Elcy, no entanto, nunca chegou a conhecer Chico pessoalmente. "Todos frequentavam minha loja: Dengue, Pupilo, Lúcio e Bola 8, que era meu amigo de infância. Menos Chico. Eu liguei pra ele uma vez e ele me disse: ô, rapaz! Tô sabendo da tua loja, do teu selo. Vamos marcar de fazer alguma coisa. Deixa só passar o Carnaval. Na época ele ia fazer um show com Antônio Nóbrega no Clube Português. Uma semana depois ele sofreu o acidente. É engraçado porque tenho tudo isso, mas nunca o conheci pessoalmente".

Em 1997, Elcy fundou o selo Caranguejo Records, com o qual lançou três coletâneas com artistas do mangue beat. No ano anterior, criou a loja CD Rock, na Boa Vista. O local se tornou um ponto de encontro entre músicos da cena. “Comecei a escrever um livro chamado Utopia Mangue – Visões Por Trás do Balcão, em que eu conto as histórias desses dez anos, de 1996 a 2006, como dono da loja. Presenciei muita coisa, muitos causos, muita polêmica. Só uma microparte, a ponta do iceberg, aconteceu de fato. Ninguém mais ganhou dinheiro. Todo dia eu recebia pelo menos duas fitas demo de bandas novas. Era um momento muito rico”, relembra.
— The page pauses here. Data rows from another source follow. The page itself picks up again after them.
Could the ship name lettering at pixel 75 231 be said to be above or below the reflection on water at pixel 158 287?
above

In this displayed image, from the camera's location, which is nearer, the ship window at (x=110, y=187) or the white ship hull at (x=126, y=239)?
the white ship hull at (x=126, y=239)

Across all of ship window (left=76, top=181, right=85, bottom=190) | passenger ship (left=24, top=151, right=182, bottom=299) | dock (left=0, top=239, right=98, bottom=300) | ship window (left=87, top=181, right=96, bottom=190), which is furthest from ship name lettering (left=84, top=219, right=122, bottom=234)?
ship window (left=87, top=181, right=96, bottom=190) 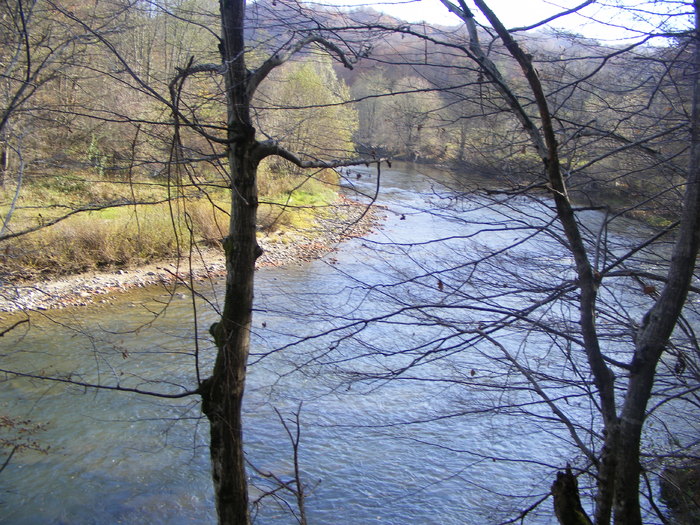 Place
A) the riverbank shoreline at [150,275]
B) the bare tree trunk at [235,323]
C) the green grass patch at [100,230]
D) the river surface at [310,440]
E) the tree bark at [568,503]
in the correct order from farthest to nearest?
the green grass patch at [100,230] < the riverbank shoreline at [150,275] < the river surface at [310,440] < the bare tree trunk at [235,323] < the tree bark at [568,503]

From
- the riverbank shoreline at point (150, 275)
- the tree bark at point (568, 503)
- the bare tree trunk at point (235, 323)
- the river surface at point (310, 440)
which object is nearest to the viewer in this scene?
the tree bark at point (568, 503)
Para ele, no entanto, Chico foi icônico. “Ele foi o carro-chefe. Acredito que sem Chico Science e Nação Zumbi nada disso teria acontecido. É até redundante dizer. É o cara que soube fazer a alquimia. Em Papagaio do Futuro, dá pra ver que Alceu Valença já tinha essa vontade de fazer algo com maracatu e rock & roll. Só que Alceu não conseguiu essa alquimia perfeita, e Chico conseguiu”, opina.